Latest Public Sector News

18.05.17

LGPS deficit cut by £10bn over three years, but still worth £37bn

The gap in the Local Government Pension Scheme (LGPS) has been cut down to £37bn from £47bn in 2013, the LGPS advisory board has revealed.

In the annual LGPS report released this week, which aggregates information supplied in the 91 fund annual reports, it was found that as of 31 March 2016, liabilities for the LGPS were valued at £254bn while assets stood at £217bn.

The LGPS is one of the largest defined benefit schemes in the world, covering 13,000 employers as well as 5.3 million members. Cllr Roger Phillips, who chairs the LGPS advisory board, added that the board were currently in the process of developing measures to cut down the deficit in pensions even further.

However, the Local Authority net return on investment over 2015-2016 was only 0.1%. This was, according to the board, reflective of the difficult market conditions during the year and set against the FTSE All Share Total Return of -3.9%.

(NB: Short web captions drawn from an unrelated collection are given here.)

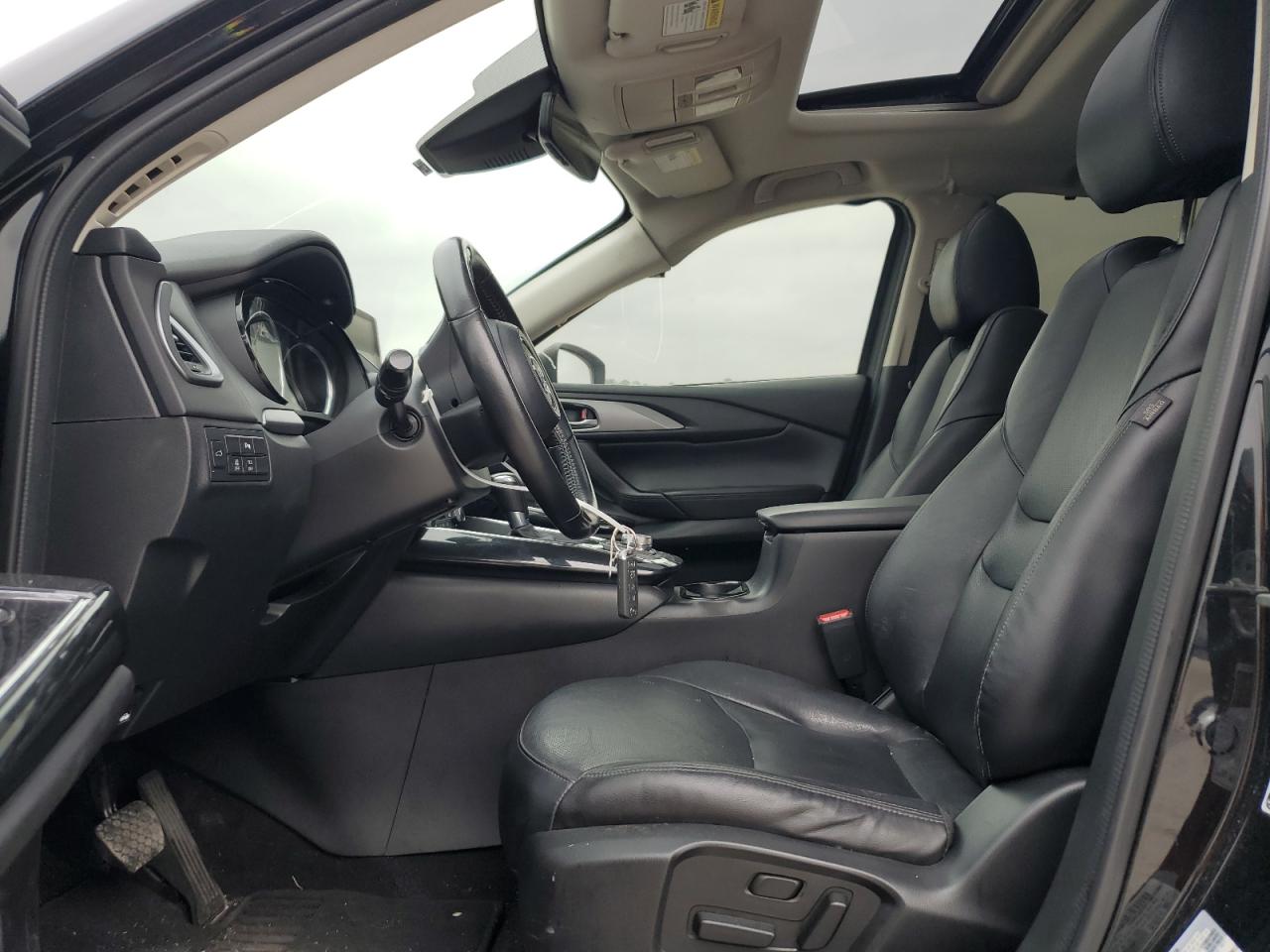 2019 Mazda CX-9 VIN JM3TCBCY8K0303314 Copart auction photo, undercarriage / front end damage thumbnail 7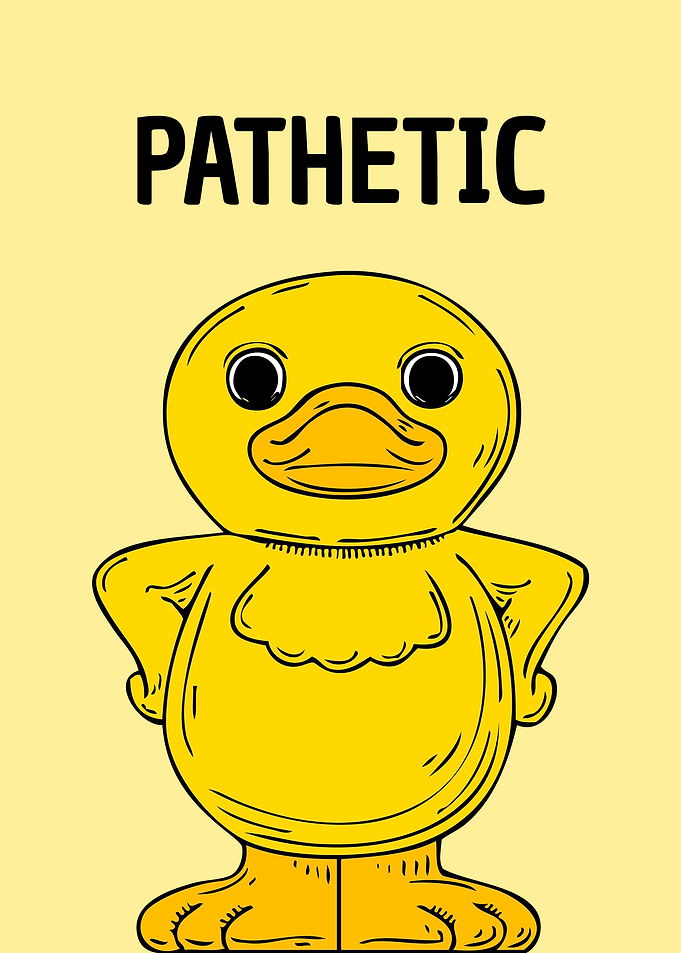 Pathetic Duck Meme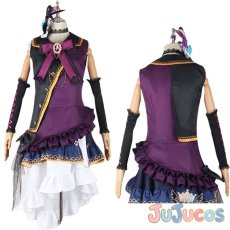 画像1: 湊友希那　BLACK SHOUT　コスプレ衣装　BanG Dream!（バンドリ！）　コスチューム　JUJUcosplay (1)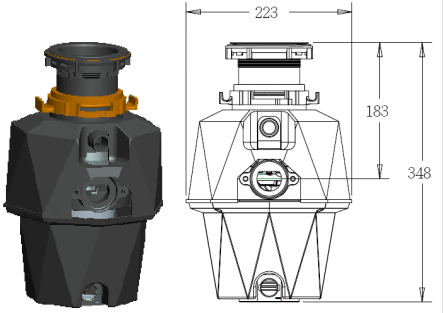 DC Motor Waste Disposer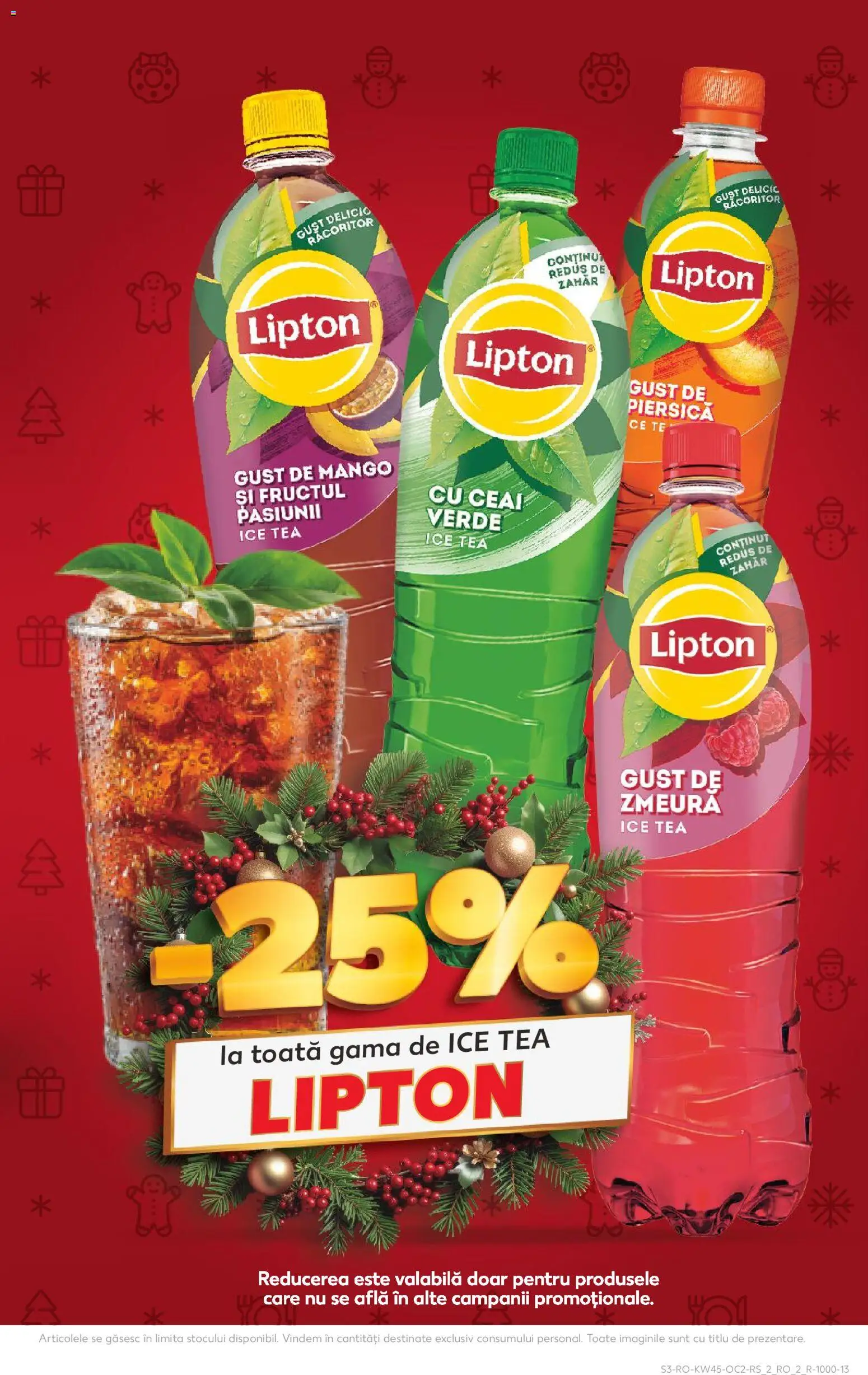 Kaufland RO akciós ujság - amely érvényes a következő dátumtól: 05.11.2025 | Oldal: 3 | Termékek: Ice tea, Tea, Mangó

“During 2016, the Board has been actively developing proposals to further tackle the estimated funding deficit of £37bn (£47bn in 2013) to improve the sustainability of the LGPS and its future funding levels. The next triennial valuation of the LGPS will be as at 31 March 2019,” he said.

In 2014, Cllr Phillips stated that a suite of LGPS pension fund ‘health’ indicators had been developed which were piloted over 2015 to better estimate the state of the pension fund.

“This will enable us to assess and benchmark the overall health of the scheme relative to other large public or private pension schemes, as well as between individual LGPS funds,” he added. “The results of the pilot form part of this report and administering authorities are encouraged to complete the exercise based on their new 2016 data.”

The news comes after a think-tank claimed in February this year that the LGPS had been “haemorrhaging money” to unnecessary external fund managers and was rapidly running out of cash.